Best Practices: The best practices to be employed in establishing drop-off collection locations for PET plastics are:
• drop- off recycling collection sites should be located at the front end of waste disposal locations or facilities
• drop-off centers should be staffed (paid or volunteer)
• drop-off centers should be equipped with some type of compaction or densification device
• drop-off centers should have educational displays to assist residents in proper material separation and general recycling information
Drop-off recycling collection centers are preferably sited in conjunction with a location where community residents can also dispose of non-recyclable or non-compostable household trash, such as at solid waste landfills or transfer stations. This increases the convenience for community residents to participate in the drop-off collection program. It also reinforces the habit of recycling before and rather than disposal. Educational displays at drop-off centers can also increase residents’ awareness of the range of materials they can recycle.
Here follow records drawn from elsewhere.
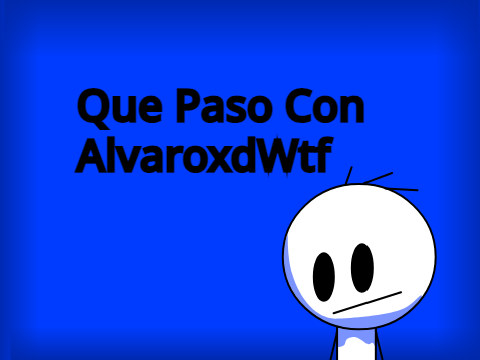 Que Paso Con @alvaroxdwtf ?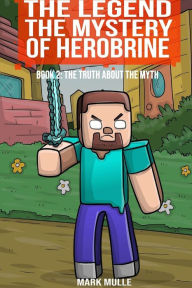 Title: The Legend The Mystery of Herobrine Book Two: The Truth about the Myth, Author: Mark Mulle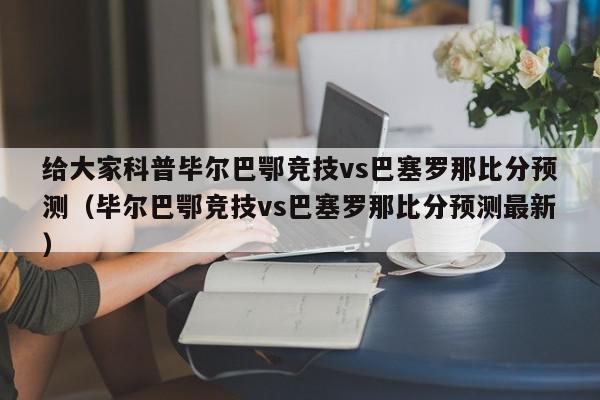 给大家科普毕尔巴鄂竞技vs巴塞罗那比分预测（毕尔巴鄂竞技vs巴塞罗那比分预测最新）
There are two basic types of drop-off recycling sites. The first are self-serve drop-off programs, where there is no staff at the collection site to monitor collections. The second are sites that are only open when a staff is present. Increasingly, staffed sites are considered the best practice. Staffed sites can greatly reduce material contamination and increase material value, decrease the financial costs associated with vandalism at unattended sites, provide minimal densification processing to increase collection efficiencies and transportation economics, and provide “one-on-one” community education on recycling. Combined, these benefits can improve program economics beyond the cost of funding staff. In addition, many drop-off centers around the country have successfully used volunteers from their communities to staff
drop-off centers, when funds for paid staff were not available. Many of the early recycling drop-off centers established in the 1970s were operated in this fashion.
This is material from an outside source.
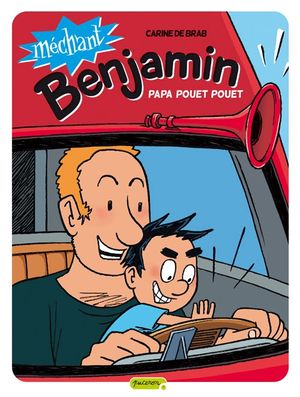 Papa pouet pouet - Méchant Benjamin, tome 7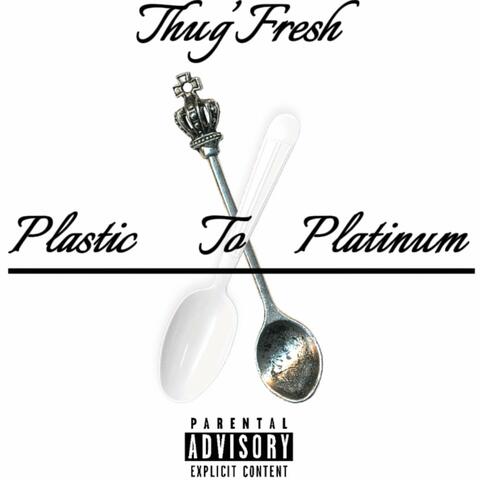 Plastic To Platinum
There are many types of collection containers used at drop-off recycling centers. Regardless of the type of container used, proper signage is the best practice in ensuring that only the designated recyclable materials are deposited into them. The signage should use understandable language(s), in clear graphics that illustrate the acceptable recyclable material or materials to be placed into collection containers. Signage for PET plastic bottles and containers should include examples of acceptable and unacceptable containers.
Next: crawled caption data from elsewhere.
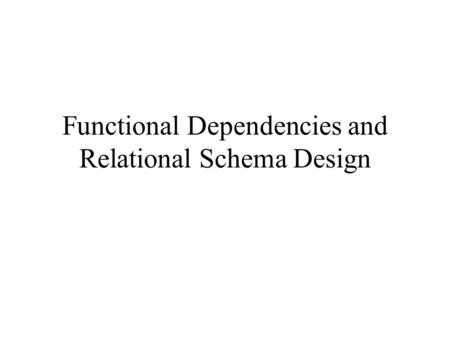 Functional Dependencies and Relational Schema Design.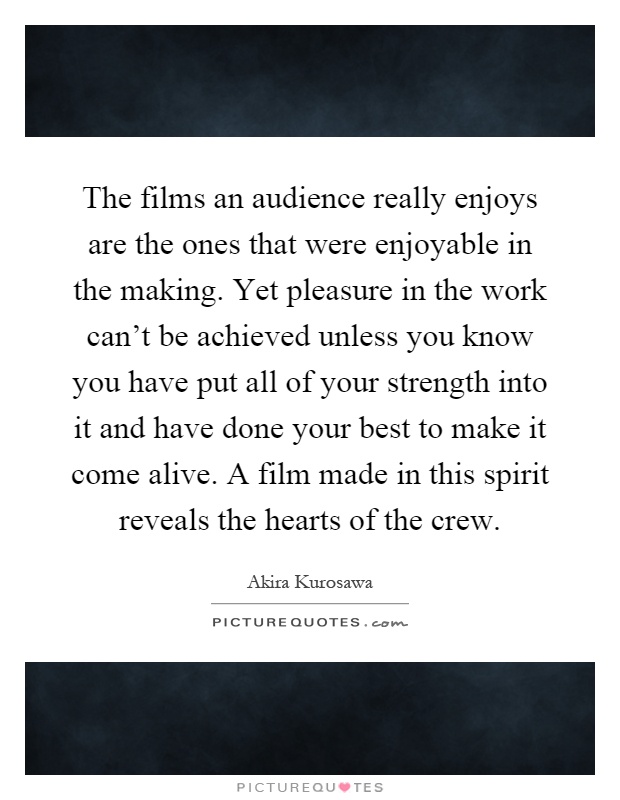 The films an audience really enjoys are the ones that were enjoyable in the making. Yet pleasure in the work can't be achieved unless you know you have put all of your strength into it and have done your best to make it come alive. A film made in this spirit reveals the hearts of the crew Picture Quote #1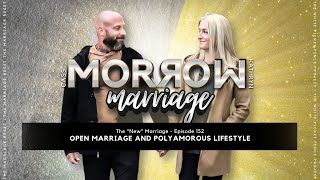 Open Marriage and Polyamorous Lifestyle  The NEW Marriage  Ep152 [upl. by Onaled]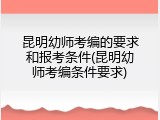昆明幼师考编的要求和报考条件(昆明幼师考编条件要求)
The final best practice to follow at drop-off collection centers used to collect post-consumer PET bottles and containers is to provide on-site compaction or densification. Compacting PET plastic bottles greatly increases the quantity of materials that can be picked up and transported to a processing facility. In addition, on-site densification means that collection containers can be emptied and processed on site and stored for collection at a later time rather than having to arrange for a collection each time a container is full. Therefore, compacting materials greatly reduces the frequency of collections (which means less truck activity) and the cost of transportation Finally, compacted materials provide the greatest market flexibility for your collected PET plastic bottles and containers.